WoW! I finally found a way to show the differentiation in speed between JSON::Any and static types

At first, my benchmark code looked like this:

require "json"
require "benchmark"

struct Message
  JSON.mapping(
    cmd: String,
    message: Hash(String, String),
    extra: Int32
  )
end

JSON_DATA = %({"cmd": "LOGIN", "extra": 123, "message": {"hi": "[1, 2, 3]", "username": "george", "password": "muffin"}})

Benchmark.ips do |x|
  x.report("JSON.parse with JSON::Any") {
    message = JSON.parse(JSON_DATA)
    # We usually have to invoke type checking.. so let's add some
      if message["extra"].as_i == 123
      end
  }
  x.report("from_json with struct & JSON.mapping") {
    message = Message.from_json(JSON_DATA)
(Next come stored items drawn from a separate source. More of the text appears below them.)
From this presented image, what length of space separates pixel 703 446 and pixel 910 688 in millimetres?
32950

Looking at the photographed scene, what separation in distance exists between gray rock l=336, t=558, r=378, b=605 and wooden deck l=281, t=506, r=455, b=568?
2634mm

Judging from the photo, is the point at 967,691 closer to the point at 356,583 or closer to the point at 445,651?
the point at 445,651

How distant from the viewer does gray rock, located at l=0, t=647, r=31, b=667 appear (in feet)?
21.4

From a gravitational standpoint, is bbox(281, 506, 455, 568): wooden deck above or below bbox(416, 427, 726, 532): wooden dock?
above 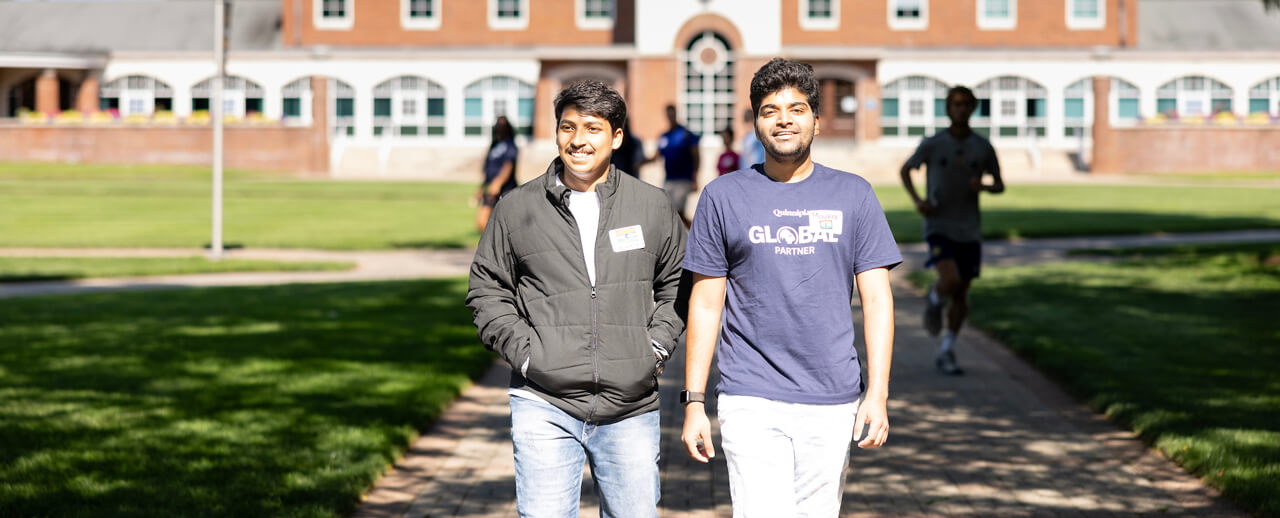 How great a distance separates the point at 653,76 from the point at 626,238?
4585 cm

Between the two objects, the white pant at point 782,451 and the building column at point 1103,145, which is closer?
the white pant at point 782,451

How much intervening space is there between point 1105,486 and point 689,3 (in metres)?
43.9

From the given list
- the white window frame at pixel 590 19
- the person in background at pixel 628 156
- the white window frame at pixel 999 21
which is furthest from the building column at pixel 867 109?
the person in background at pixel 628 156

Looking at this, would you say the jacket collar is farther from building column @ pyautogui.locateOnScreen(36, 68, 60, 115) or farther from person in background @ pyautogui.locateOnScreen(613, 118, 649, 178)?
building column @ pyautogui.locateOnScreen(36, 68, 60, 115)

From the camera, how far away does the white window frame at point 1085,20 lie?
2072 inches

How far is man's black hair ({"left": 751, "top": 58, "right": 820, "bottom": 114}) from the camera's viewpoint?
385 centimetres

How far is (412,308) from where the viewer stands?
1301 centimetres

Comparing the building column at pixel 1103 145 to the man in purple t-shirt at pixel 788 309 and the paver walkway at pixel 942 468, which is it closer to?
the paver walkway at pixel 942 468

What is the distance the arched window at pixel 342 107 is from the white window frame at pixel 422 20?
135 inches

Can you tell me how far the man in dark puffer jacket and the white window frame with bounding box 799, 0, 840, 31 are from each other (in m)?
48.6

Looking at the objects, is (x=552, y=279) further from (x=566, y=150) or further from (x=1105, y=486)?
(x=1105, y=486)

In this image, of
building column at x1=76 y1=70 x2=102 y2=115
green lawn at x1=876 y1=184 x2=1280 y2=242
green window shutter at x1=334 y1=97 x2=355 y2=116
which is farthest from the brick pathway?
building column at x1=76 y1=70 x2=102 y2=115

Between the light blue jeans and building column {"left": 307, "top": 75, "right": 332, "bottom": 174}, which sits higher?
building column {"left": 307, "top": 75, "right": 332, "bottom": 174}

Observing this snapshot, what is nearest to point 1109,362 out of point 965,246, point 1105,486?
point 965,246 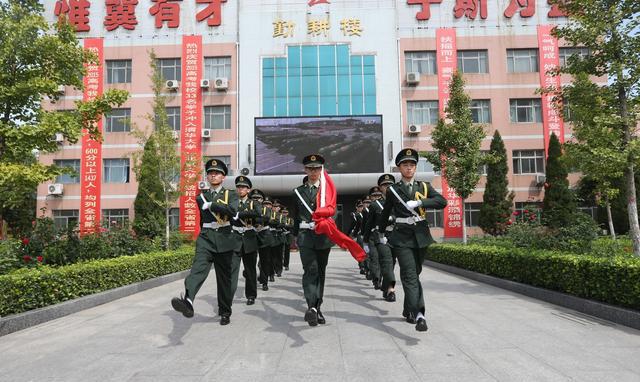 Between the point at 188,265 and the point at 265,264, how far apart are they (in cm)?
450

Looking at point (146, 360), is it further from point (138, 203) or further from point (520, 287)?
point (138, 203)

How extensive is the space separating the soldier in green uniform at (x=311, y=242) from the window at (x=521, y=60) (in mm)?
23782

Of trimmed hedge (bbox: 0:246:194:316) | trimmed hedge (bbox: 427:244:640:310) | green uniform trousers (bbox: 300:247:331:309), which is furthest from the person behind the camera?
trimmed hedge (bbox: 0:246:194:316)

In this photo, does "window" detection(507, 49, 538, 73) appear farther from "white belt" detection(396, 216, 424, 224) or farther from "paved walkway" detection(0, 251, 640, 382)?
"white belt" detection(396, 216, 424, 224)

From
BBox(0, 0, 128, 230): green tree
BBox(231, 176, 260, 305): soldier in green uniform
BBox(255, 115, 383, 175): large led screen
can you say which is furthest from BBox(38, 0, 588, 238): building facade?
BBox(231, 176, 260, 305): soldier in green uniform

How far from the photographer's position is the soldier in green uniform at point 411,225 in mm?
4793

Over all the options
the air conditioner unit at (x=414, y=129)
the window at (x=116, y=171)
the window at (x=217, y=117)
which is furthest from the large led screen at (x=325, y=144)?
the window at (x=116, y=171)

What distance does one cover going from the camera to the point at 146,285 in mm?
9336

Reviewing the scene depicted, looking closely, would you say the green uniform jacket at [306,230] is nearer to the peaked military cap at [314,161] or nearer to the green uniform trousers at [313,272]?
the green uniform trousers at [313,272]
      # statically typed as Int32?
      if message.extra == 123
      end
  }
end

I noticed a problem. The results did not show a big difference . JSON.parse ends up being only 1.04x slower. In fact, sometimes the JSON.parse test was faster, which was weird.

          JSON.parse with JSON::Any 519.58k (  1.92µs) (± 3.15%)  1648 B/op   1.06× slower
from_json with struct & JSON.mapping 552.71k (  1.81µs) (± 4.04%)  1408 B/op        fastest

That got me thinking! Eventually, I added in a loop (which makes more sense because if it’s an incoming command from the client to the gameserver, it will be called more often):

New Code:

require "json"
require "benchmark"

TimesToLoop = 250

struct Message
  JSON.mapping(
    cmd: String,
    message: Hash(String, String),
    extra: Int32
  )
end

JSON_DATA = %({"cmd": "LOGIN", "extra": 123, "message": {"hi": "[1, 2, 3]", "username": "george", "password": "muffin"}})

Benchmark.ips do |x|
  x.report("JSON.parse with JSON::Any") {
    message = JSON.parse(JSON_DATA)
    # We usually have to invoke type checking.. so let's add one
    TimesToLoop.times do
      if message["extra"].as_i == 123
      end
    end
  }
  x.report("from_json with struct & JSON.mapping") {
    message = Message.from_json(JSON_DATA)

    TimesToLoop.times do
      # statically typed as Int32?
      if message.extra == 123
      end
    end
  }
end

Output:

           JSON.parse with JSON::Any 157.83k (  6.34µs) (± 0.86%)  1649 B/op   3.57× slower
from_json with struct & JSON.mapping 564.13k (  1.77µs) (± 2.12%)  1408 B/op        fastest

Over 3.5 times SLOWER!

Actually… shouldn’t the LOOP include the from_json and JSON.parse as well? Oops! Gonna do more testing! This might be even a bigger difference than I thought

edit:

Wait!

require "json"
require "benchmark"

TimesToLoop = 250

struct Message
  JSON.mapping(
    cmd: String,
    message: Hash(String, String),
    extra: Int32
  )
end

JSON_DATA = %({"cmd": "LOGIN", "extra": 123, "message": {"hi": "[1, 2, 3]", "username": "george", "password": "muffin"}})

Benchmark.ips do |x|
  x.report("JSON.parse with JSON::Any") {
    TimesToLoop.times do
      message = JSON.parse(JSON_DATA)
      # We usually have to invoke type checking.. so let's add some
      if message["extra"].as_i == 123
      end
    end
  }
  x.report("from_json with struct & JSON.mapping") {
    TimesToLoop.times do
      message = Message.from_json(JSON_DATA)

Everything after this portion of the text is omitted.